Book Synopsis Normative Theories of the Media by : Clifford G Christians
Download or read book Normative Theories of the Media written by Clifford G Christians and published by University of Illinois Press. This book was released on 2010-10-01 with total page 298 pages. Available in PDF, EPUB and Kindle. Book excerpt: In this book, five leading scholars of media and communication take on the difficult but important task of explicating the role of journalism in democratic societies. Using Fred S. Siebert, Theodore Peterson, and Wilbur Schramm's classic Four Theories of the Press as their point of departure, the authors explore the philosophical underpinnings and the political realities that inform a normative approach to questions about the relationship between journalism and democracy, investigating not just what journalism is but what it ought to be. The authors identify four distinct yet overlapping roles for the media: the monitorial role of a vigilant informer collecting and publishing information of potential interest to the public; the facilitative role that not only reports on but also seeks to support and strengthen civil society; the radical role that challenges authority and voices support for reform; and the collaborative role that creates partnerships between journalists and centers of power in society, notably the state, to advance mutually acceptable interests.

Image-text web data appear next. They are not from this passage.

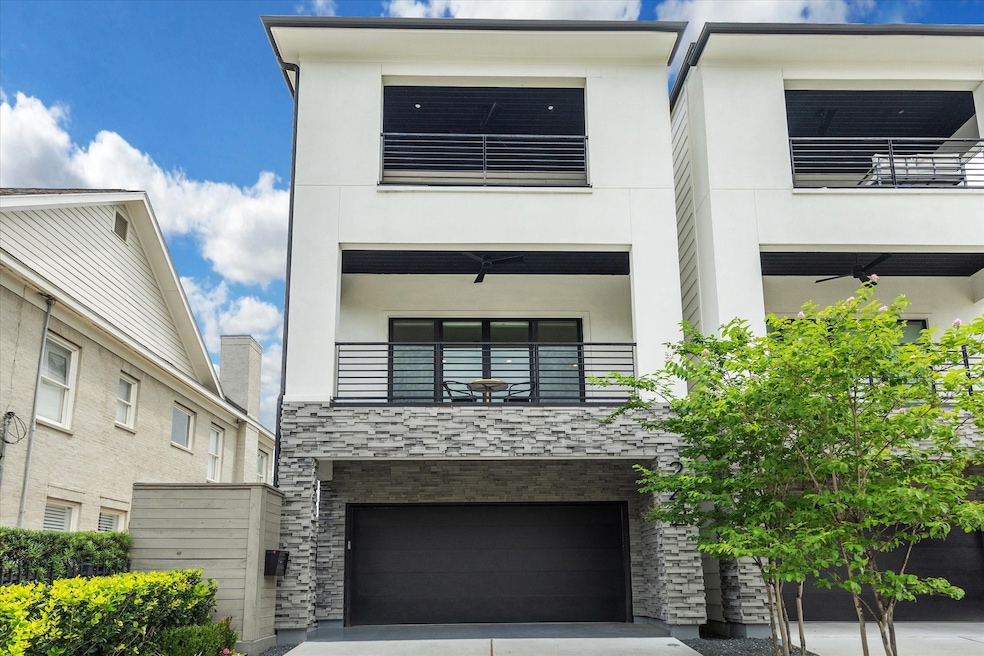 Under Contract $1,298,000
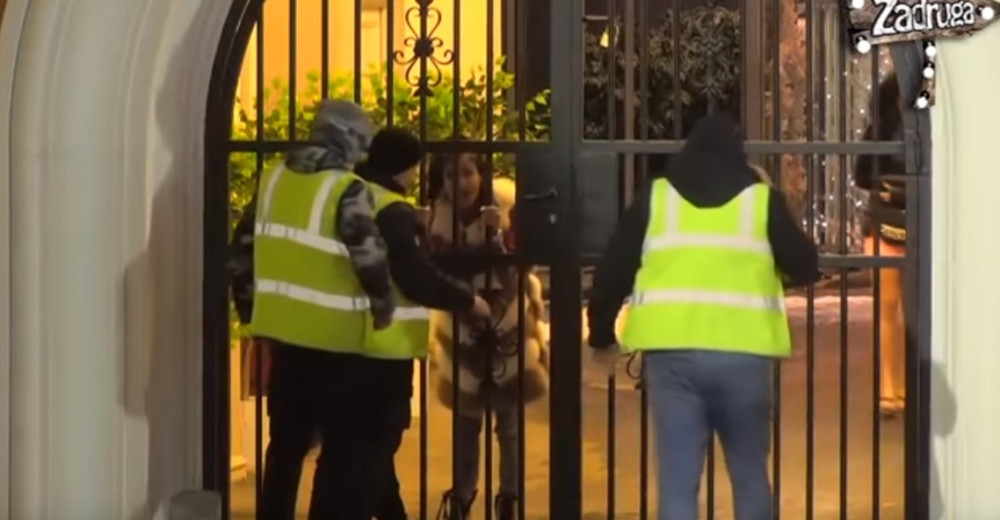 Krunićka usred žurke lupala u kapiju i urlala, obezbeđenje nije moglo da je smiri: Dođi pi*ko, glavu ću ti otkinuti!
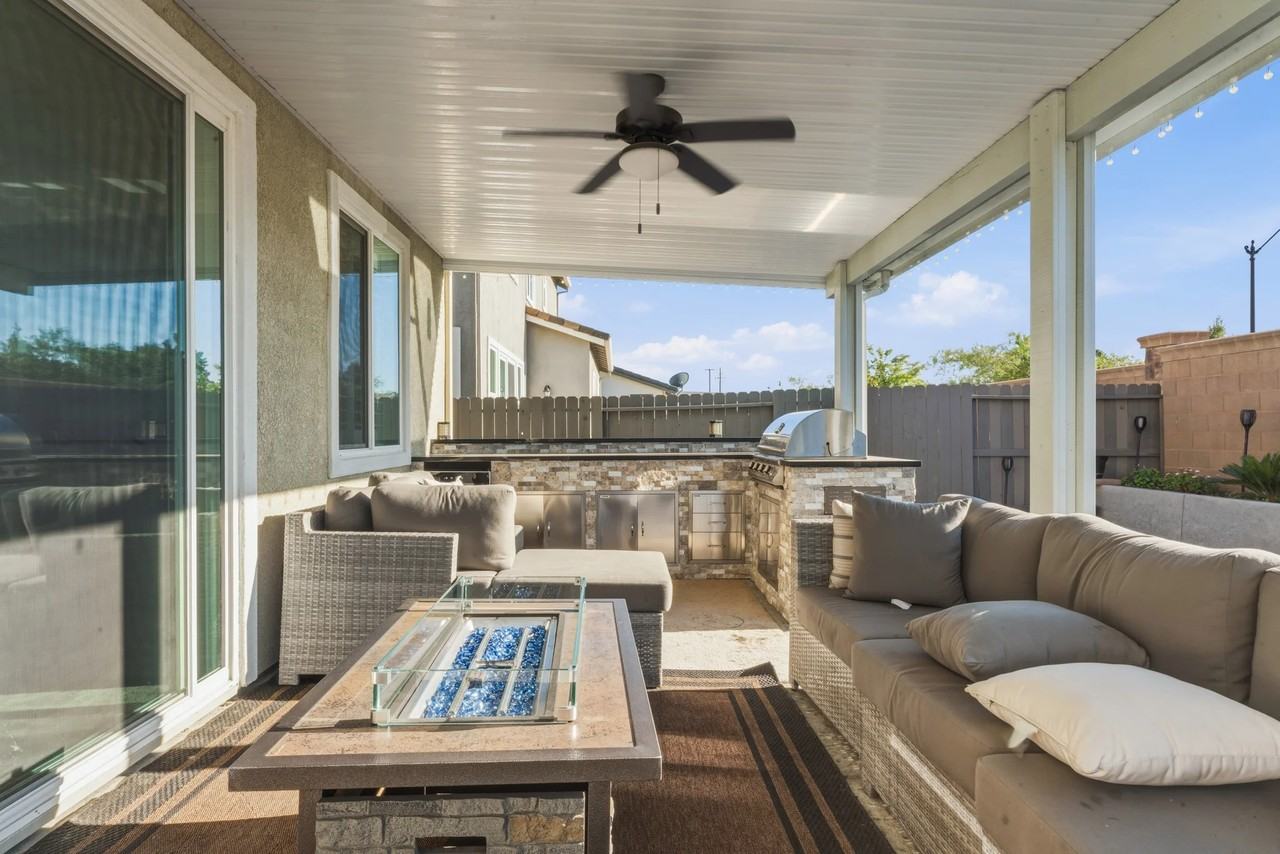 936 Bergenia St - Photo 6 of 20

Demonstrating the value of a reconsideration of media roles, Normative Theories of the Media provides a sturdy foundation for subsequent discussions of the changing media landscape and what it portends for democratic ideals.
Book Synopsis Charles Peirce on Ethics, Esthetics and the Normative Sciences by : James Jakób Liszka
Download or read book Charles Peirce on Ethics, Esthetics and the Normative Sciences written by James Jakób Liszka and published by Taylor & Francis. This book was released on 2021-07-25 with total page 249 pages. Available in PDF, EPUB and Kindle. Book excerpt: This book presents a comprehensive and systematic picture of Charles Peirce’s ethics and aesthetics, arguing that Peirce established a normative framework for the study of right conduct and good ends. It also connects Peirce’s normative thought to contemporary debates in ethical theory. Peirce sought to articulate the relation among logic as right thinking, ethics as good conduct and, in an unorthodox sense of aesthetics, the pursuit of ends that are fine and worthy. Each plays an important role in ethical life. Once aesthetics has determined what makes an end worthy and admirable, and ethics determines which are good and right to pursue, logical and scientific reasoning is employed to figure the most likely means to attain those ends. Ethics does the additional duty of ensuring that the means conform to ideals of conduct. In the process, Peirce develops an interesting theory of moral motivation, an account of moral reasoning, moral truth, and a picture of what constitutes a moral community. Charles Peirce on Ethics, Esthetics and the Normative Sciences will be of interest to scholars and students working on Peirce, American philosophy, and metaethics.